После того как троица приходила к единому мнению, один из ливрейных, получив указания, бежал в блестящую толпу и вежливо выдергивал кого-нибудь из аристократов.
Этого отобранного со всем вежеством провожали в соседнее помещение, откуда он возвращался к гостям спустя двадцать минут целым, но слегка ошарашенным.
И этот конвейер не замирал ни на минуту. Подойдя к князю-кесарю, я хотел ему рассказать про Ландорфа и Воронцова, но, увидев меня Ромодановский, воскликнул:
- О, Ермолич, ты мне как раз и нужен. Ступай за мной. Я тебе обещал проверку, я тебе ее устрою.
Пройдя за ним в соседнее помещение, я там увидел шесть небольших столиков. С двух сторон от каждого стояло по креслу. В одном из них сидел авалонец, в другом сидел какой-нибудь, дворянин.
На столах стояли странные сооружения, представляющие собой две огромные линзы, между которыми был помещен кристалл. Кристалл по форме был похож на сталактит и переливался всеми цветами радуги.
Каждый из авалонцев и аристократов смотрели в одну из двух линз.
Аристократ смотрел непрерывно, а авалонец, то и дело отвлекался, чтобы задать вопрос аристократу и сделать запись в толстенную амбарную книгу.
- Что это? – спросил я.
- Это своего рода механическая замена твоего Дара, Андрей Борисович.
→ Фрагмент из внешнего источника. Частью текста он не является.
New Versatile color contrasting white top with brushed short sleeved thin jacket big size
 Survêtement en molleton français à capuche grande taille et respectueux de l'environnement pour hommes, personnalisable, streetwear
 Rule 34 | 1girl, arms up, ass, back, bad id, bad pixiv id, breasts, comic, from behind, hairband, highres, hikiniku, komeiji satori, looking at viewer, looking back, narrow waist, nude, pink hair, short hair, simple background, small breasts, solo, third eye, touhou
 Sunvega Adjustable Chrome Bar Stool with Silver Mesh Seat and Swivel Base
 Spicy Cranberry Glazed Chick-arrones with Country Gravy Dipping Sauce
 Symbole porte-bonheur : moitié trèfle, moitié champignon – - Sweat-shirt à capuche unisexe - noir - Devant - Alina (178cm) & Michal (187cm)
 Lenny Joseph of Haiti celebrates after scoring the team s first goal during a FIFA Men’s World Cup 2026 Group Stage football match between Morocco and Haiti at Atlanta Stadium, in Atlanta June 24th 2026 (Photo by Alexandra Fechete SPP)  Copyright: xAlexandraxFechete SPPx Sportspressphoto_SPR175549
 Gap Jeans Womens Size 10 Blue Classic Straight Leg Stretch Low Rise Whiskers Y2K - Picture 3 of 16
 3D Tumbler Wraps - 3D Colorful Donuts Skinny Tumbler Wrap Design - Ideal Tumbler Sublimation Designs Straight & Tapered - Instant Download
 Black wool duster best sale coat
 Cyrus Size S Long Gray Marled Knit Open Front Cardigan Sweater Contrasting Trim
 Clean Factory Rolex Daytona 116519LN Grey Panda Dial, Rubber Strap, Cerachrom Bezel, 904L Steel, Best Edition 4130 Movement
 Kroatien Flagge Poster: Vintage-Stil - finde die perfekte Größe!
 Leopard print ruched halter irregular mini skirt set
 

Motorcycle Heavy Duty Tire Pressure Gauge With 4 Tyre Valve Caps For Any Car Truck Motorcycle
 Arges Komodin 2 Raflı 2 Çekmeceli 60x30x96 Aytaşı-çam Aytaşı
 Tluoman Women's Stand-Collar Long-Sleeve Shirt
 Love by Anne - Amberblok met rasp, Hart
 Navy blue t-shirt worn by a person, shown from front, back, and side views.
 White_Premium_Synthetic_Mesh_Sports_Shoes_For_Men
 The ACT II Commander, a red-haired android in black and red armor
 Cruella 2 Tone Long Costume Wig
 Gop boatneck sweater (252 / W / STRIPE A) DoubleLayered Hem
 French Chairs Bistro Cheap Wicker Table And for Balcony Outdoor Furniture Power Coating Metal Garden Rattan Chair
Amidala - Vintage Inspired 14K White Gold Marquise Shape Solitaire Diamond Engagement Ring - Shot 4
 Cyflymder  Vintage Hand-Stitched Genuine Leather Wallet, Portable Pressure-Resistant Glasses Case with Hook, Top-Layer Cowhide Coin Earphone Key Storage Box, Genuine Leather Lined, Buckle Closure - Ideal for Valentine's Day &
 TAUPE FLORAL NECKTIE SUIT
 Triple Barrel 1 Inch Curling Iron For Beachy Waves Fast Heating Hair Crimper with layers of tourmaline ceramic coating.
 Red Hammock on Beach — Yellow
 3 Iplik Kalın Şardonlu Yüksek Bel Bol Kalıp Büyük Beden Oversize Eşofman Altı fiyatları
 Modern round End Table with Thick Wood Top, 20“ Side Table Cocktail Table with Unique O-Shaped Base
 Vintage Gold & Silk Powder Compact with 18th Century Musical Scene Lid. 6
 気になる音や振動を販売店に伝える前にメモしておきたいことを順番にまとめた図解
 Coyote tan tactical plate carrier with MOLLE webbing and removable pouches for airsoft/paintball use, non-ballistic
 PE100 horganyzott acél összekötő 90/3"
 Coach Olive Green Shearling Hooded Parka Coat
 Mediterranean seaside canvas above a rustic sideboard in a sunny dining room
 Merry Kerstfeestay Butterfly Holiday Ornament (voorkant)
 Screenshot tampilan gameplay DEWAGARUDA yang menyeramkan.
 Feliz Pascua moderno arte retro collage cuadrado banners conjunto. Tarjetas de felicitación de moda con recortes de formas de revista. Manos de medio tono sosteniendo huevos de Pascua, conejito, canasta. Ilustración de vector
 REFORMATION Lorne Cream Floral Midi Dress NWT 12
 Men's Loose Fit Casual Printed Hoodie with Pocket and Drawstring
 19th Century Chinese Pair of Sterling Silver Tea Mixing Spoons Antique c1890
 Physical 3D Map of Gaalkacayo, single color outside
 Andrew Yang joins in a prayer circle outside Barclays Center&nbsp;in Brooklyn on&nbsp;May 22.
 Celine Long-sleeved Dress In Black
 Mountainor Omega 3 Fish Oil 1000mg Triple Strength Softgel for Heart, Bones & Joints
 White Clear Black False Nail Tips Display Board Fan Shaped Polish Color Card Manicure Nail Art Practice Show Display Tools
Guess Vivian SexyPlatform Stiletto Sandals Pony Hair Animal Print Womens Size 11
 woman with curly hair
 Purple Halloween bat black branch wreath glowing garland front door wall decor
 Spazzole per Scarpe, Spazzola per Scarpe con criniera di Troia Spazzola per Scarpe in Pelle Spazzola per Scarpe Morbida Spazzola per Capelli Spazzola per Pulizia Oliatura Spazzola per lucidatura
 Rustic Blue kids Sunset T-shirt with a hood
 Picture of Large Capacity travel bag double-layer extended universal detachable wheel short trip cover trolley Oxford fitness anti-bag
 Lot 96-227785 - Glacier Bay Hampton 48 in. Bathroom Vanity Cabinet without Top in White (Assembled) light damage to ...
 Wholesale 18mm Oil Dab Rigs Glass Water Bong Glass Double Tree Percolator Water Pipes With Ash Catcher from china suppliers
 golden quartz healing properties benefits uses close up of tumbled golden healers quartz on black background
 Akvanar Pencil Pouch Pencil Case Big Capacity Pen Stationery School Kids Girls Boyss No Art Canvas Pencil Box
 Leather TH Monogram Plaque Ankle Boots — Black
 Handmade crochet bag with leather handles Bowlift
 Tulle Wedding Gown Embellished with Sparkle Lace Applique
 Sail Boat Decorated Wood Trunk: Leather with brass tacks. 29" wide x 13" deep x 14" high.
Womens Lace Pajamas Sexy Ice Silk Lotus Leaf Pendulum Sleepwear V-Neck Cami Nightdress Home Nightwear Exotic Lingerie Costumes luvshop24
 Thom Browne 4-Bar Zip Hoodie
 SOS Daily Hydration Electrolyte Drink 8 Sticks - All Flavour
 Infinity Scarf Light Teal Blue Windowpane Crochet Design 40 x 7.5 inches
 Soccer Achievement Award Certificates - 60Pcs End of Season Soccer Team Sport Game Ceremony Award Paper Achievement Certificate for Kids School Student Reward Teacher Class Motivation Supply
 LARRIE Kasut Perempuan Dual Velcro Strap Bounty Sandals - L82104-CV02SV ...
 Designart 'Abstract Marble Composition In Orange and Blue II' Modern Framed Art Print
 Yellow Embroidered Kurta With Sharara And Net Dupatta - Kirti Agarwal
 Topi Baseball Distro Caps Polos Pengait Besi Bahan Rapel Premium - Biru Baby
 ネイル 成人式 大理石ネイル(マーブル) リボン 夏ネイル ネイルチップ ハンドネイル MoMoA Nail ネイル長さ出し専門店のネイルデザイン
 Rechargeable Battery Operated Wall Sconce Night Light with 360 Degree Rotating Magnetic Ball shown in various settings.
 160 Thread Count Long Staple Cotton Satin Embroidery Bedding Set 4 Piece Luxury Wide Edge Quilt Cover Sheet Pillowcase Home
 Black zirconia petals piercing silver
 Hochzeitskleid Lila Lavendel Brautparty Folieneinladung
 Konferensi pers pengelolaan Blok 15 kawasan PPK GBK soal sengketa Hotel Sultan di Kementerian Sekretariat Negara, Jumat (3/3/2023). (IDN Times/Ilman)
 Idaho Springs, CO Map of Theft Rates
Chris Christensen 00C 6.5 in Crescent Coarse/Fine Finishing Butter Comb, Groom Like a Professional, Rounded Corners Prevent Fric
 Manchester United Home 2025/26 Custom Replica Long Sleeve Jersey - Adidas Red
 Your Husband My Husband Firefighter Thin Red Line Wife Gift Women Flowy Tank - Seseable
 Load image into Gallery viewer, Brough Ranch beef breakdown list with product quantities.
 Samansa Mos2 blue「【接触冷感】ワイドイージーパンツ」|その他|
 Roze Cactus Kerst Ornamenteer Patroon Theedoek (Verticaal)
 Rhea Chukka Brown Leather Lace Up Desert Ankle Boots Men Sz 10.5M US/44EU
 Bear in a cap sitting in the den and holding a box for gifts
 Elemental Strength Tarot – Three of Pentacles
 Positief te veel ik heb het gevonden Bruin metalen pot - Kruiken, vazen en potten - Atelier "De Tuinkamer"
Слабая, конечно, но если правильно задавать вопросы, то можно узнать врет человек или нет, и даже увидеть, что он делал последние сутки, - довольно ответил Ромодановский.
Офигеть, они тут и магический детектор лжи. И теперь пропускают через него весь высший свет, всех глав родов и магических кланов. Теперь понятно, ради чего они этот прием затеяли. А то до этого, я о нем думал, как о пире во время чумы.
Что ж это за мир такой, фантасмагоричный. Мама! Я домой хочу! Можно мне назад в мой простой патриархальный мир двадцать первого века.
- И кто это изобрел? Авалонцы?
- К сожалению, да, - помрачнел Ромодановский. – Мы очень долго добивались, чтобы они дали нам возможность использовать. Но они нам все двадцать лет отказывали. А мы им горы золота предлагали. И вот впервые согласились. Вошли, так сказать, в положение. И прислали сразу шесть штук. Считай половину оттого, что у них есть.
- Они изобрели эту штуку двадцать лет назад? – спросил я.
- Нет, двадцать лет назад мы о ней узнали, а когда она изобретена, кто же нам скажет – сказал Иван Федорович.
- Ваше Сиятельство, а вас ничего не смущает? – спросил я.
- Что именно? – вмиг насторожился Ромодановский. – Ты давай, Ермолич, не темни, говори прямо.
- А я и говорю, не кажется вам, странным, Ваше Сиятельство, что от вас неизвестно, сколько времени прятали эту штуку, потом двадцать лет отказывались давать, а тут бац и дали сразу половину мировых запасов. Не странно ли?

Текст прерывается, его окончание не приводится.